"""

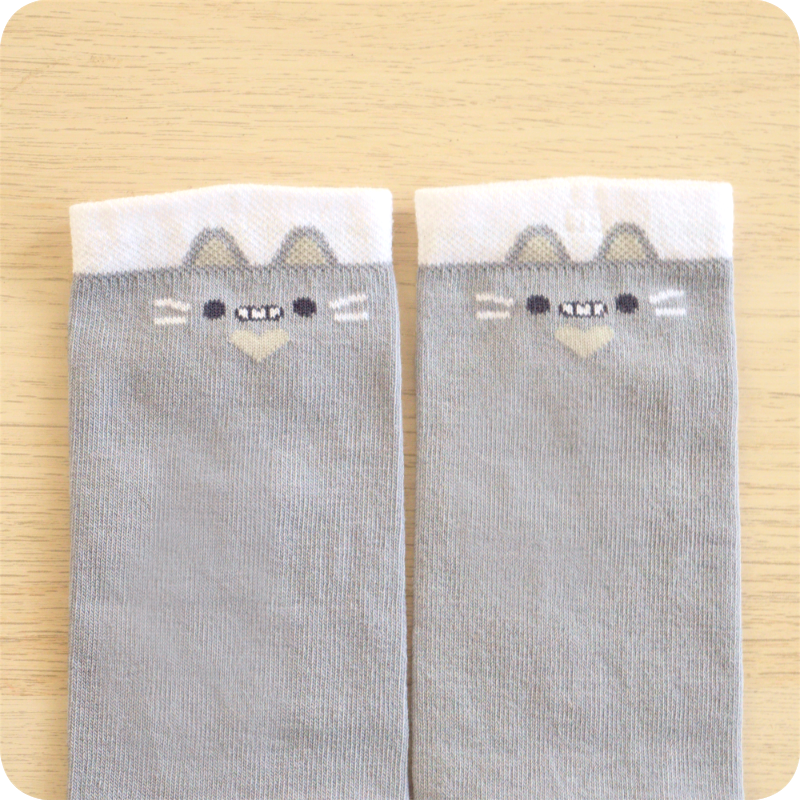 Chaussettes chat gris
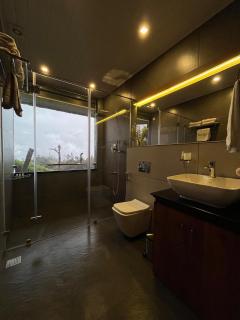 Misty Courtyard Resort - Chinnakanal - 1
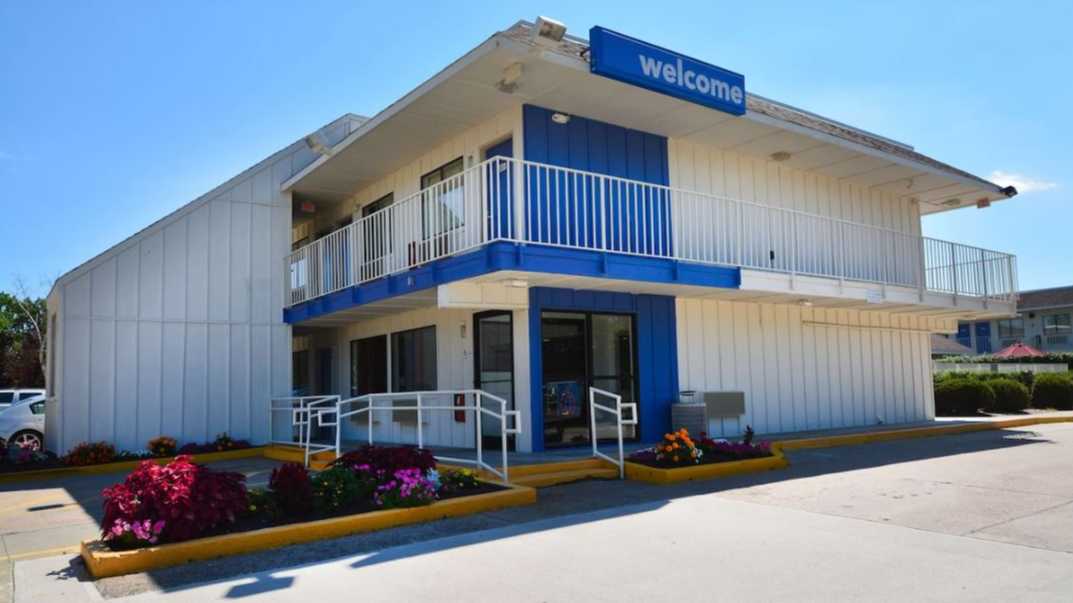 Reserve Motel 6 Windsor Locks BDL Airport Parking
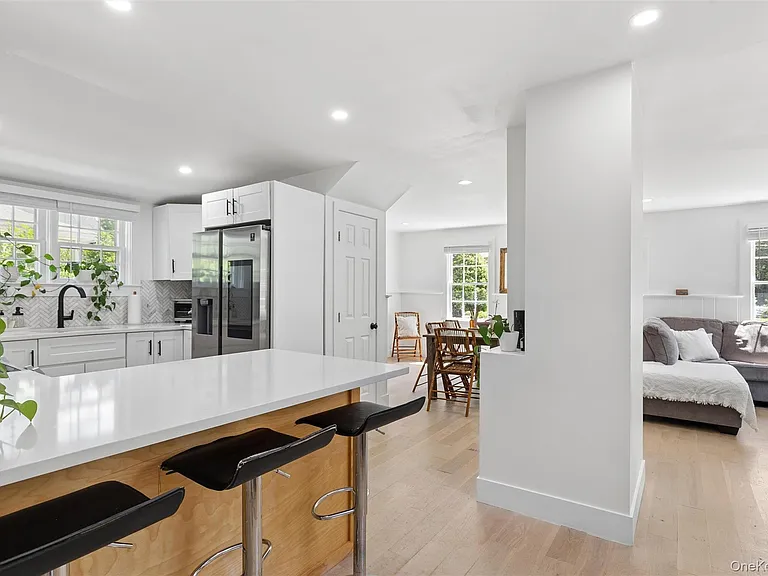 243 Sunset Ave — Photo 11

"""
"""

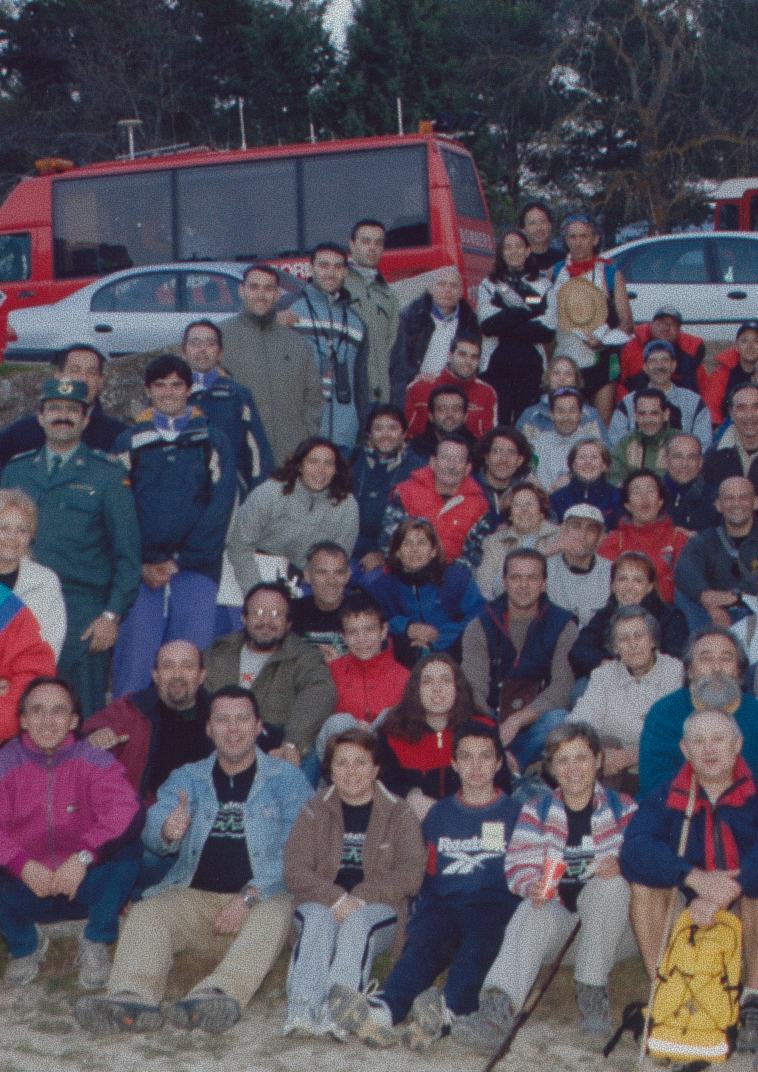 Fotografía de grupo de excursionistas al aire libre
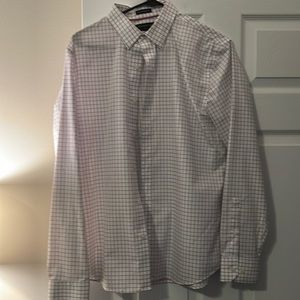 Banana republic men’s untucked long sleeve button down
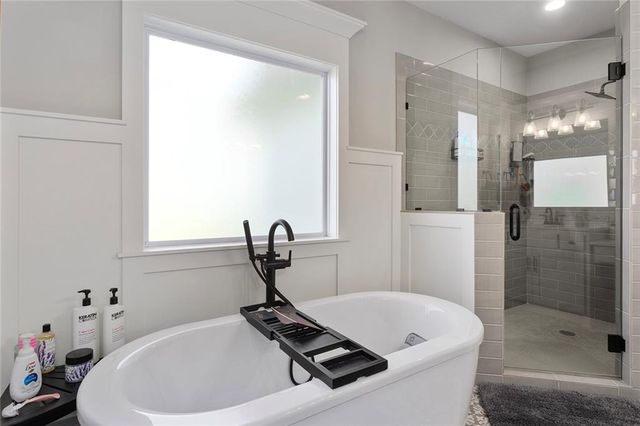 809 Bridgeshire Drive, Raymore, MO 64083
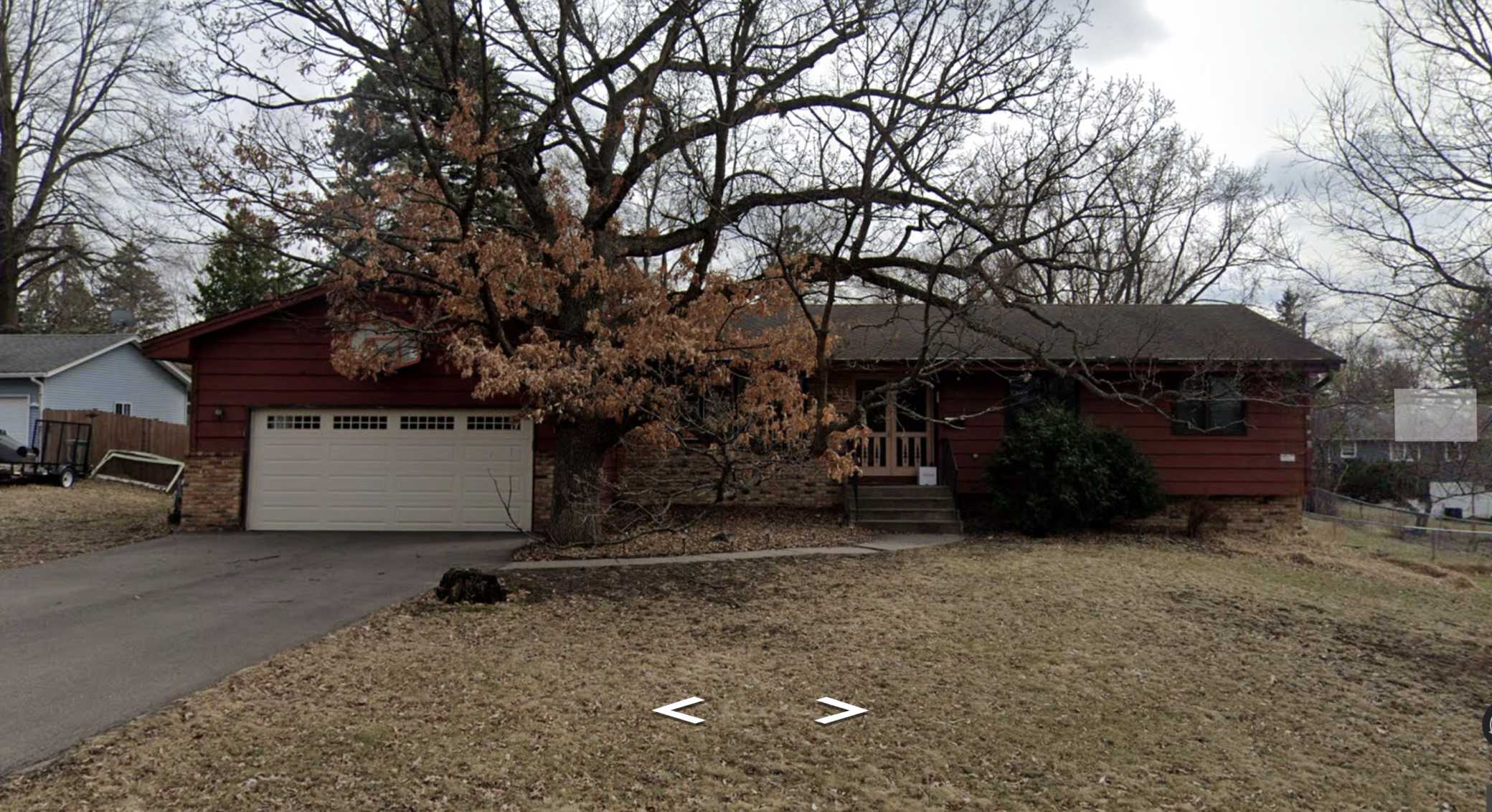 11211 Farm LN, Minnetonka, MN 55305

"""
"""

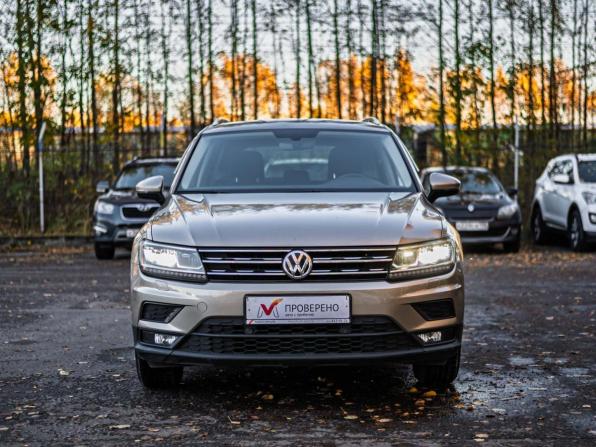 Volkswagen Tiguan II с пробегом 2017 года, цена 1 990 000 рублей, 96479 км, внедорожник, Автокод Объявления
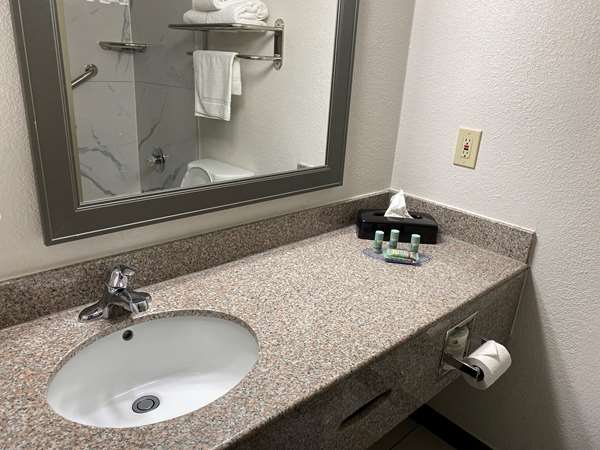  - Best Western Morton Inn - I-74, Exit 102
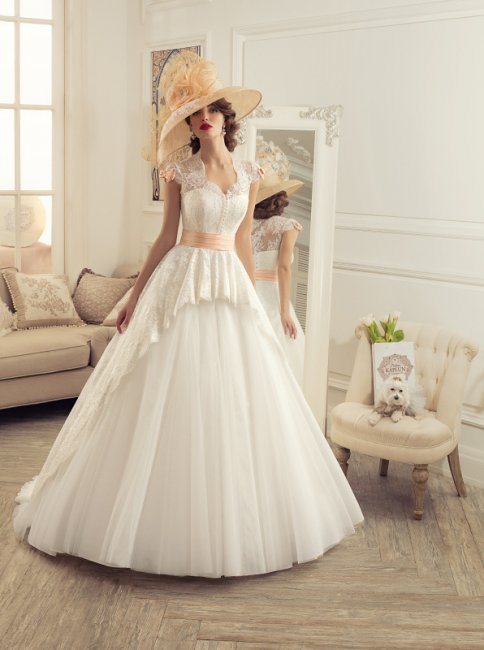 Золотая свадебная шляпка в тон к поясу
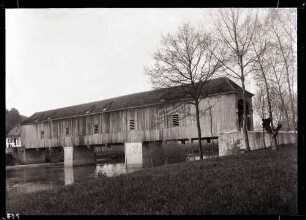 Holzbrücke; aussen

"""

■ Task directions
Set the pictures aside and retype exactly the lines above from the line with "Misty Courtyard Resort - Chinnakanal - 1" to the line with "243 Sunset Ave — Photo 11", both included, adding no others.

■ Reply to the exercise
 Misty Courtyard Resort - Chinnakanal - 1
 Reserve Motel 6 Windsor Locks BDL Airport Parking
 243 Sunset Ave — Photo 11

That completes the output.